Welcome to a quick and short (hopefully) illustration of how one can integrate data science models with Tableau using TabPy. We will specifically look at time series forecasting in this story.

We will use three time series models which are built in python using the superstore dataset ( retail industry data ). We will use Jupyter notebook to build our python codes and then move on to Tableau.

This article is aimed at demonstrating how a model can be integrated with Tableau’s analytics extensions and make it seamless for consumption.

Why Tableau? Well, I love it and I can’t stress enough on how easy it is to explore your data.

Let’s start by looking at the data :

We simply keep our date and sales columns for building a time series object. The below code sorts the sales figures in ascending order and aggregates the data at a month level.

#fetching required columns
data = superstore[[‘Order Date’,’Sales’]]
data = data.sort_values(by = 'Order Date')
#creating a ts object
data['Order Date'] = pd.to_datetime(data['Order Date'])
data.index = data['Order Date']
data = data.resample('M').sum()

We are ready to visualize the time series:

import matplotlib.pyplot as plt
import seaborn as sns
plt.subplots(figsize = (17,7))
sns.lineplot(x = “Order Date”, y = “Sales”, data = data)
plt.show()

The above is our time series plot.

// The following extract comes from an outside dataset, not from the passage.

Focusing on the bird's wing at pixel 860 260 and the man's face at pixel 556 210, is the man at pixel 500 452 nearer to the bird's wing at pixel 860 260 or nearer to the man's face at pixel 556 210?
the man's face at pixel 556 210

There are three important components to time series : Trend, Seasonality and Error. We can look at the series as an ‘additive model’ or a ‘multiplicative model’ depending on the nature of the series and the hypothesis we postulate. I will be parking the model building and forecasting methods in the next article as a continuation of this one where we will cover different techniques, decomposition, stationarity testing, auto-correlation and partial auto-correlation factors and model summary.

For now, I will share the code I had written to finalize the model before I switch gears to Tableau.

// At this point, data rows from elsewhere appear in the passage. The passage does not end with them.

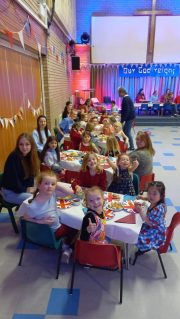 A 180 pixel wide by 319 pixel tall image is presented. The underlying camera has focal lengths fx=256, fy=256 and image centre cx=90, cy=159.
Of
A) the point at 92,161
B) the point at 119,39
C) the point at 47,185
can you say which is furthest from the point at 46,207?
the point at 119,39

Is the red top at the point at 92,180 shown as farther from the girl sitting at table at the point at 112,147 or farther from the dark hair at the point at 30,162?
the girl sitting at table at the point at 112,147

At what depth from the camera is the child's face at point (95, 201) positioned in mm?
2488

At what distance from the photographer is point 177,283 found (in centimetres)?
273

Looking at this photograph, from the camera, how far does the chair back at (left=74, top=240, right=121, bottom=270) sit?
221 cm

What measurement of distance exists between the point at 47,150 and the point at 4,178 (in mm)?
1188

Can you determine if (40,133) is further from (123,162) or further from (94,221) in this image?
(94,221)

As mentioned in the beginning of the article, we will use three models. These are Holt’s Linear Model, Holt-Winter’s Model and ARIMA. The first two are exponential smoothing methods and ARIMA stands for Auto Regressive Integrated Moving Average which is a regression method.

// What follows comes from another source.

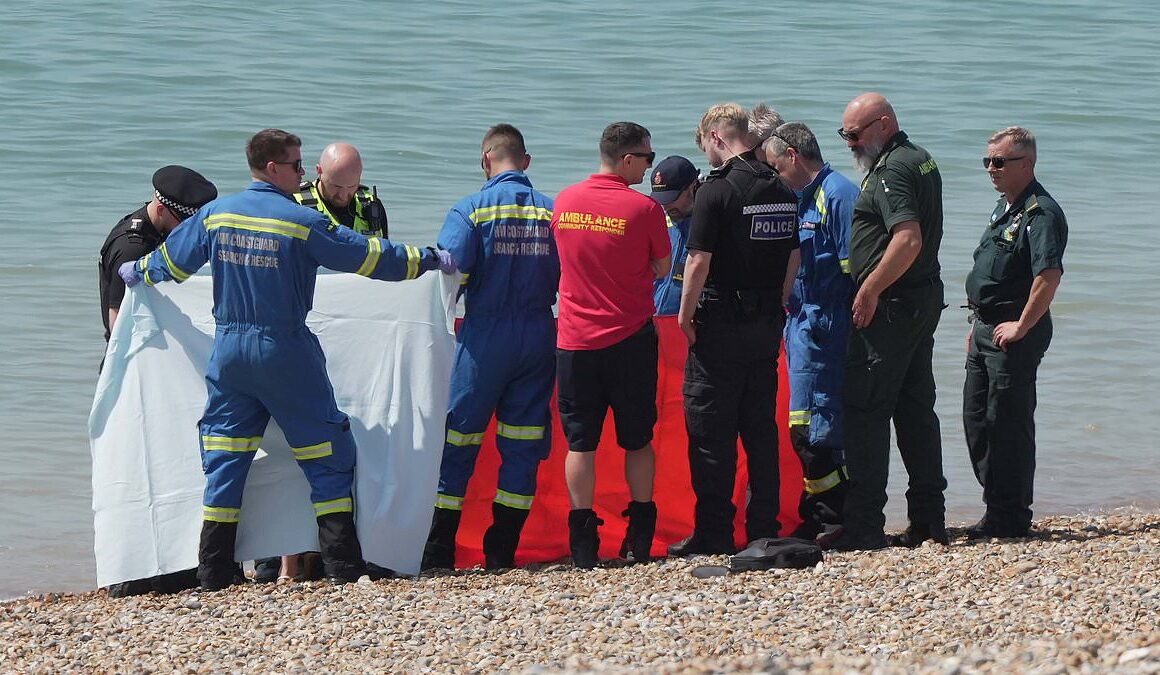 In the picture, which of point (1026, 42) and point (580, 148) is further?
point (1026, 42)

Below is the python code for Holt’s Linear Method :

The model is trained on 42 months and the last 6 months are used for predictions. Model parameters can be tuned for accuracy.The model appends both and gives the entire series back to us.

How do we tie this with Tableau?

Tableau has inbuilt analytics extensions that allow integration with other platforms.

In our case we choose TabPy.

Make sure to install TabPy and start the same in your terminal as laid out in the below resource :

You can test the connection in Tableau in the pop-up described above.

We also import TabPyClient in our python environment to create a connection object.

We will be using this connection object to deploy our models on the TabPy Server that we initiated.

Let’s look at the modified code for Holt’s Linear method that can be deployed on TabPy.

Holt’s Linear Method

We have created a function that returns the model output. Since we will be reading data from Tableau, we have used parameters that take in values we shall pass from Tableau. You will note that we have used the connection object to deploy the model in TabPy. Similarly, you can create functions for other models.

Holt-Winter’s Method

ARIMA

Now that we have deployed these models in TabPy, let’s consume it in Tableau. We will create a calculated field that looks like below :

Tableau uses four functions, namely SCRIPT_REAL, SCRIPT_STR, SCRIPT_BOOL and SCRIPT_INT for return types real, string, boolean and integer respectively. The above code tells Tableau to run the ‘Seasonal ARIMA Method’ which is deployed on TabPy with 3 parameters (Date, Sales and Months to Forecast) and return the ‘response’ to Tableau’s calculated field.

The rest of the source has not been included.